This article was written by Sam Lewis, a freelance writer who has written for Football Italia, Vavel USA, and many other outlets. You can follow him on Twitter @SamCalcio. Sam has followed and covered A.C. Milan for a number of years, including during the recent coaching tenure of Max Allegri.

Italian football waits for no-one. No sooner had the dust settled from the festival that was the Brazilian World Cup when an announcement came that has threatened to alter the hierarchy of Serie A.

Antonio Conte, the man largely responsible for rescuing an ailing Juventus side in 2011 and returning it to the table-topping heights of its pre-Calciopoli days, resigned with almost no prior warning. Just like that, one of the pillars of Italian football’s most successful side crumbled. Almost to add insult to injury, top transfer target Juan Iturbe signed for Roma. There have been better weeks for Juventus and its fans.

Out of the ashes of this latest chaos in calcio comes a new coach for Juve, a man who spent the large part of the last three years being one the club’s primary rivals.
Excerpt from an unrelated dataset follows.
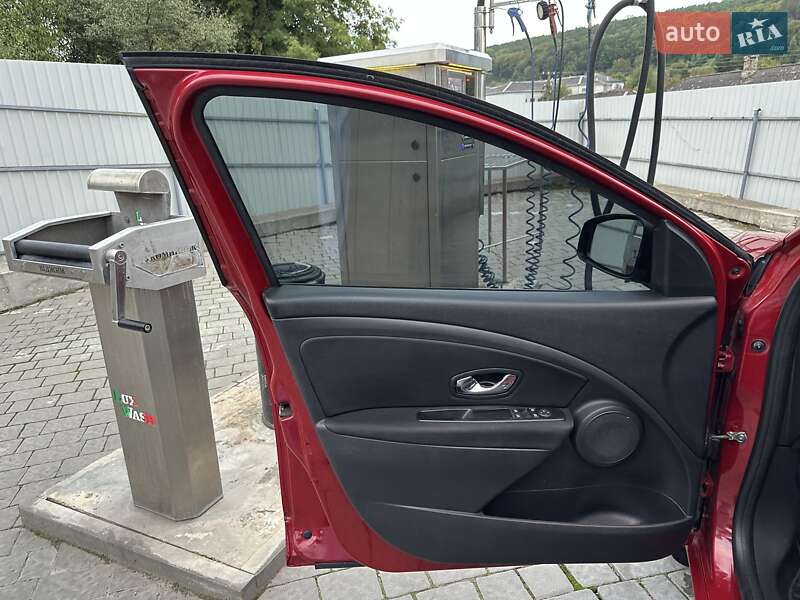 Хэтчбек Renault Megane 2015 в Бучаче фото 17 Хэтчбек Renault Megane 2015 в Бучаче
After a six month hiatus, former Milan coach Massimiliano Allegri returns to Italian football and rather surprisingly – in a better job than the one he was removed from in January.

After the post-Christmas meltdown against Sassuolo that ended a Milan tenure that had threatened to implode on several occasions before, Allegri fielded offers from Leeds United, Sassuolo and Kazakhstan. He now coaches Juventus. His hire is a (probably) short term appointment in the hope of settling a ship that threatened to rock overboard. With rumours of Arturo Vidal and Paul Pogba being the subject of transfer bids from other clubs, not having a coach – for however long – is another distraction Juventus couldn’t really afford to have.
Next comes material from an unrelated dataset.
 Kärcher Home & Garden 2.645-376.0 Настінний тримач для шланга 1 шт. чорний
That said, will it be a good fit? Can Allegri continue to keep the Juventus machine rolling, even with the wheels threatening to fall off?

Even when taking the pinch of salt that it was hardly a hire that Andrea Agnelli had time to think much about, Allegri seems an odd fit. An expected, immediate response to losing a coach you had no intention of losing in Antonio Conte is perhaps to try and find a coach that at least is similar in style. While few could match the intensity of the former combative midfielder, Allegri is not the ‘discipline-first’ coach that Conte is. The ex-Milan man’s approach is less intense, a little cerebral.

Allegri’s tenure at Milan, an appointment that was made following the 2010 coach of the year award given to the young tactician, started well but got progressively worse the longer it went on.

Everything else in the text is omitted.